By K.D. Noris
While many big-name musical acts come through town as part of the Frederik Meijer Gardens & Sculpture Park Summer Concert Series, one of the true pleasures of a West Michigan summer is an evening at the Garden’s amphitheater exploring local and regional acts as part of the Tuesday Evening Music Club concert series.
Starting Tuesday, July 4, with one band known for jazzy explorations and another for musical journeys just about everywhere else — Green On Blue and The Red Sea Pedestrians — the diverse two-month program features live bands with music ranging from jazz to indie rock to folk, all in the 1,900-(mostly grass)seat venue and all starting at 7 p.m.
Oh, and did I mention the concerts are free with Gardens’ admission?
Two of the more interesting musical explorations will be the mid August visits of Kalamazoo’s Michigander on Aug. 8 and Slim Gypsy Baggage on Aug. 15.
Playing that night with singer-songwriter Benjaman James, Michigander is described as “emotive indie-rock, delivered through powerful vocals and cerebral lyrics.” The hook for me is the description of the band from its Facebook page: “Michigander has been the toil and passion of Jason Singer since 2013. It’s being built in basements and churches and vans without mufflers. It’s living on stages, floors, and in studios — sounding big and packing light.”
The next week, playing that night with the “downhome, psychedelic jam band” Bigfoot Buffalo, Slim Gypsy Baggage is led by lead singer Morgan Ingle who, accord to the bank’s website, “grew up in a musical family learning guitar from her father and honed her skills as a gifted singer/songwriter. … Morgan signatures the Slim Gypsy Baggage vibe with her unique voice and thoughtful lyrics, as she covers the eclectic rock, funk and soulful sounds of the band.”
The hook, though, is checking out lead guitarist Cam Mammina. As the website states: “Cam shreds! … Mixing crunchy indie triphop licks, blues, funk, and surf rock sustains. Needless to say, Cam brings a energized life and a driving shreddiness to SGBs sound.”

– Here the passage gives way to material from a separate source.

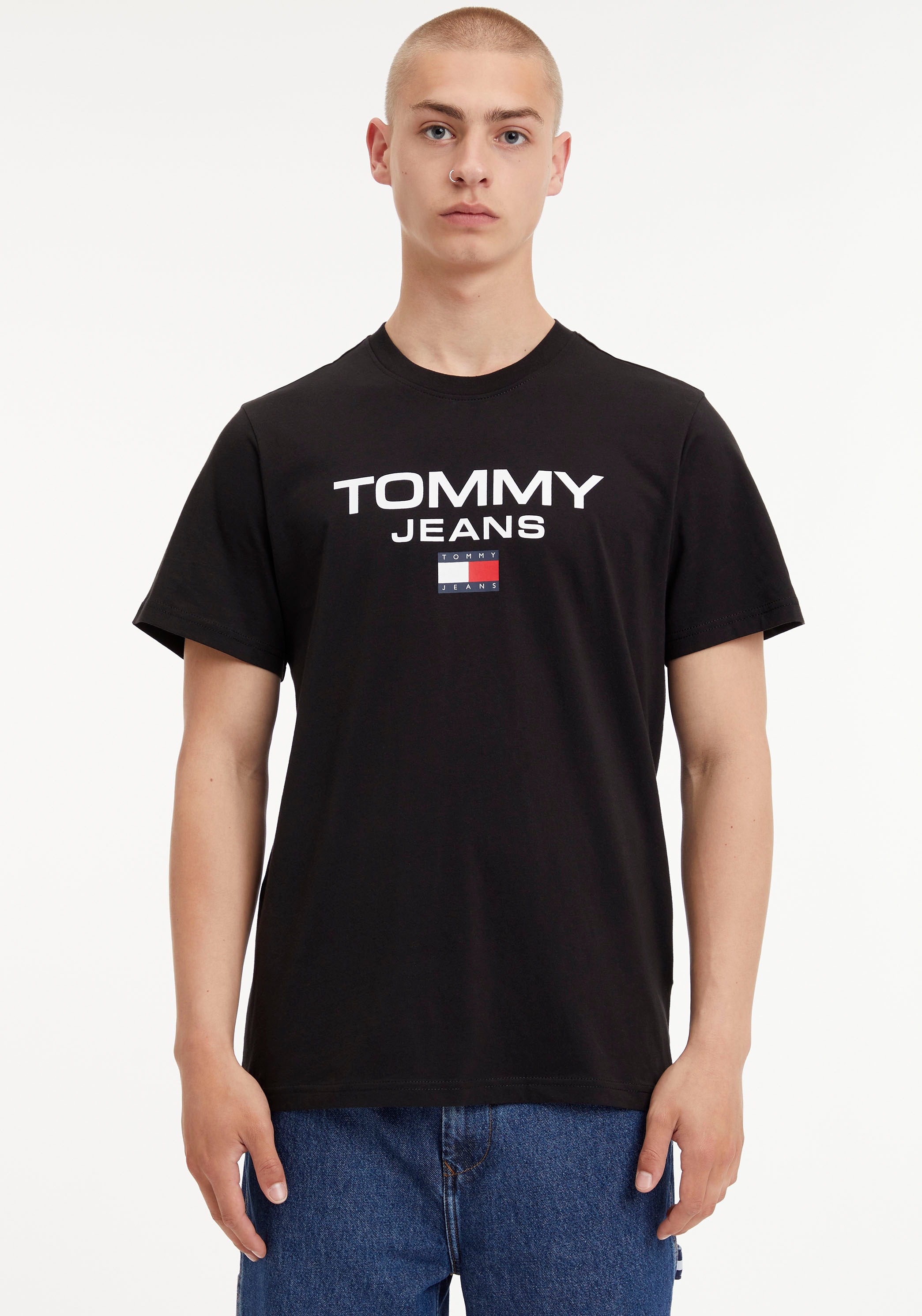 ♕ Tommy Jeans T-Shirt »TJM REG ENTRY TEE«, mit Logodruck versandkostenfrei  auf
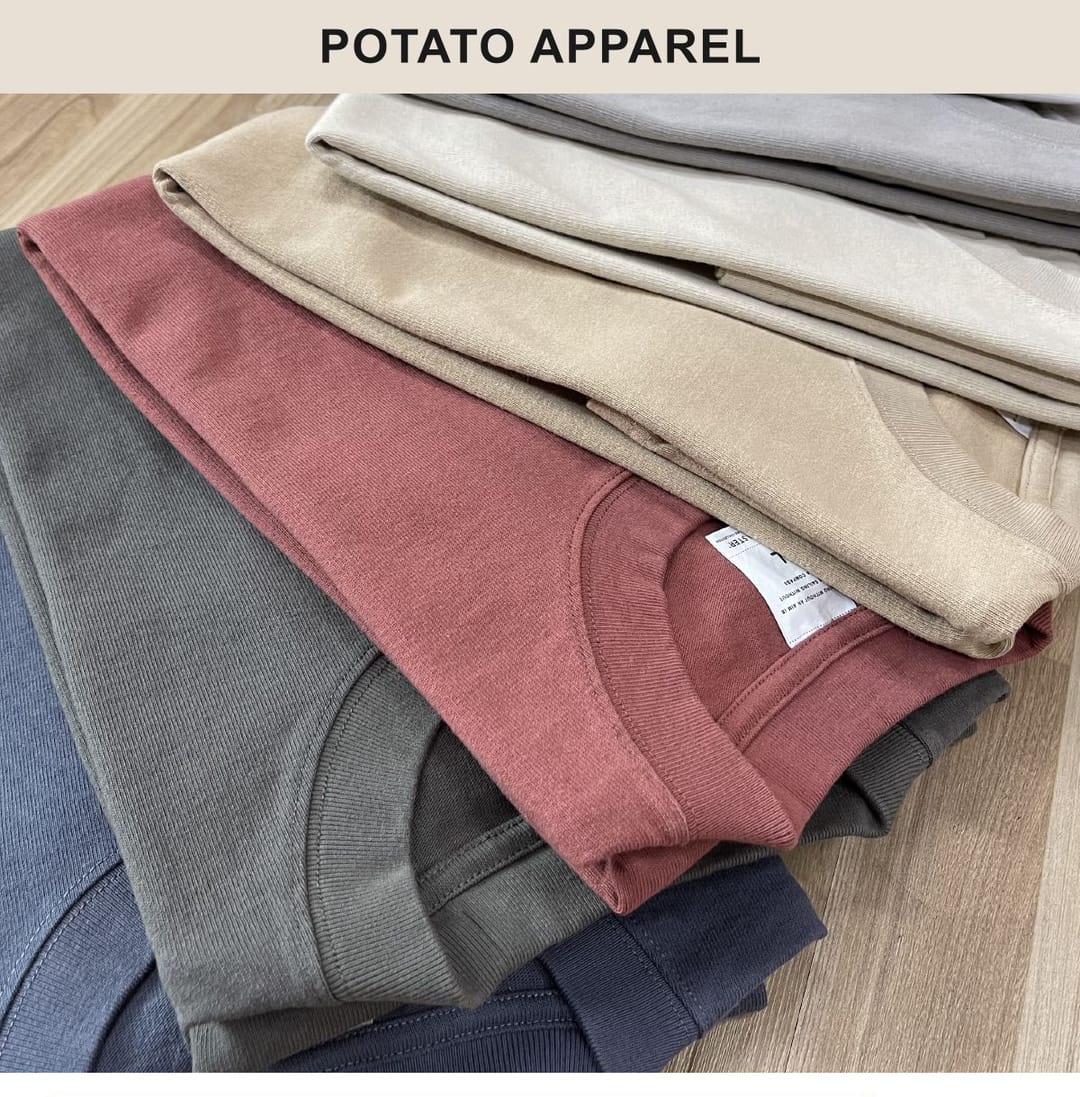 Extra Thick 310GSM Hemp Cotton Oversized T-Shirt – detail 9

Two possible new words in the same sentence: “triphop” and “shreddiness”. Oh ya.
The rest of the concert series includes:
Miss Atomic and The Zannies, on July 11. Miss Atomic is described as “a melodic blend of modern soul and pop-rock, fresh to the local scene,” while The Zannies is “an antic mishmash of alt-rock, punk, and blues.”
Rollie Tussing & The Midwest Territory Band and The Muteflutes, on July 18. The first is “an old-timey, unique balance of country, early swing, and blues, backed by vaudevillian percussion,” while second is “lilting, thought-provoking, lyric-driven indie folk rock.”
The Moxie Strings and The Dave Sharp World’s Trio, on July 25. Well known to local audiences,
The Moxie Strings is “a foot-stomping, rock-influenced, progressive spin on traditional Celtic and Americana classics and originals. While Dave Sharp World’s Trio is “a collaboration between renowned bassist Dave Sharp, Igor Houwat on the ‘oud’ (a short-neck lute-type, pear-shaped stringer instrument), and percussionist Carolyn Koebel, featuring Arabic-based, impromptu adventures into jazz and folk.”
The Moonrays and 6-Pak, on Aug. 1. Two bands also well known locally, The Moonrays offer “vintage, instrumental surf-rock,” while 6-Pak is “an all-girl band, originally formed in 1967, performing the grooviest hits from that era.”
Amy Andrews and Taylor Taylor, on Aug. 22. Amy is “a modern day torch singer and award-winning vocalist, once referred to as a female Elvis” — not my words. Taylor offers “a fresh, young blend of pop and R&B, performing acoustic guitar-driven originals.”
Finishing up the series, as usual, is local music icon Ralston Bowles, as Ralston & Friends will his the stage Aug. 29. Describing Ralston’s music, let alone that of his always changing cast of “friends” is impossible. Start at “folk” and just enjoy the ride from there.